Ergenekon sanığından flaş iddia! Savcı Zekeriya Öz beni dövdürttü!
Ergenekon'dan 5.5 yıl yatan sanık, sorgusu sırasında Savcı Zekeriya Öz'e sert çıktığı için polisler tarafından dayak yediğini iddia etti.
Ergenekon Davası'ndan 5 buçuk yıl cezaevinde yatan kuyumcu Hayrettin Ertekin'in 40 tahliye başvurusu kaçma şüphesiyle reddedildi. Daha önce de hastanede unutulmasıyla gündeme gelen Ertekin, taksi tutup cezaevine geri dönmüştü.
Sorgusu sırasında Savcı Zekeriya Öz'e sert çıktığı için polisler tarafından dayak yediğini iddia eden Ertekin, "Mahkemeye çıkmadan önce, işkence görmediğime dair rapor ayarlamışlar. Oysa yediğim dayaklardan dolayı vücudumun birçok yerinde morluklar vardı" dedi.
Sabah Gazetesi'nden Erhan Öztürk'e konuşan Ertekin şunları anlattı:
SAVCI BENİ DÖVDÜRTTÜ
"4 gün gözaltında kaldım. Bana Balyoz Davası'ndan yargılanan 385 komutanı tanıyıp tanımadığımı sordular. Savcı, 'Sen ordu içinde güçlüsün' dedi. Ben ise, 'Kuyumcuyum' dedim. Ardından, 'Gizli tanık olup her şeyi anlatırsan kurtulursun. Aksi takdirde ömür boyu yatarsın' dediler. Sorguma katılan savcı Zekeriya Öz, 'Seni beton Mustafa bile kurtaramaz' diye tepki gösterince, 'Elinden geleni arkana koyma' diye sert çıktım. Sonra odasında polislere beni dövdürdü. Mahkemeye çıkmadan önce, işkence görmediğime dair rapor ayarlamışlar. Oysa yediğim dayaklardan dolayı vücudumun birçok yerinde morluklar vardı.
ASKERLER HASTANEDE UNUTTU
2012 yılında Silivri'den 15 mahkumla birlikte ring aracıyla Haseki Hastanesi'nin KBB servisine getirildim. Görevli asker, "Burada bekle film çekecekler" diyerek gitti. Saatler ilerledi, ama gelen olmadı. Akşam saatlerine doğru doktor, "Daha ne bekliyorsun" diye sorunca "Ben mahkûmum, Ergenekon'dan tutukluyum. Askerler gelip alacak buradan" dedim. Yüzüme bakıp, "Çok şakacısın, hadi kardeşim çık dışarı" diyerek kovdu.
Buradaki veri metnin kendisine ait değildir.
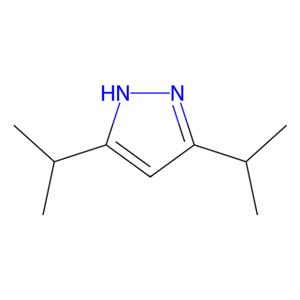 aladdin 阿拉丁 D154763 3,5-二异丙基吡唑 17536-00-4 >98.0%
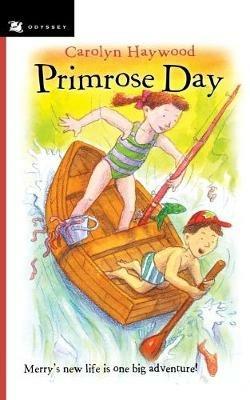 Primrose Day - Carolyn Haywood - cover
Ring aracı gitmiş. Taksiye bindim ancak param da yoktu. Taksicinin cep telefonundan avukatımı aradım. Bana, "Hemen cezaevine geri dön" dedi.
"NE ZAMAN TAHLİYE OLDUN"
Cezaevinin kapısına gittiğimde taksi ücreti 175 lira olmuştu. Taksiciye, 'Bir saniye para alıp geliyorum' dedim. Araçtan inip kapıda nöbet tutan askerin yanına gittim. Asker beni gördüğünde şaşırdı. Bana, 'Oooo Hayrettin abi sen ne zaman tahliye oldun? Bu saatte ne işin var abi' dedi. Komutandan para alıp taksicinin parasını ödedim. Bilinçli unutulduğumu düşünüyorum. Asıl amaçları sabah sayımda beni firar gösterip, şantaj yapmaktı. Bunu hissettiğim için, bir an önce cezaevine girip, sayım saatinde içeride olmalıydım.
ÇAY ALMAYA GİDEN ASKER
Bu olaydan 4 ay sonra yine bir ring aracıyla hastaneye götürdüler beni. Sıramı beklerken asker 2 kat yukarıdaki kafeteryadan çay almaya gitti. Aradan 30 dakika geçti, dönmedi. Meğer asansörde kalmış. Bana ikinci kez 'kaçma' şansı verdiler, bunu da değerlendirmedim."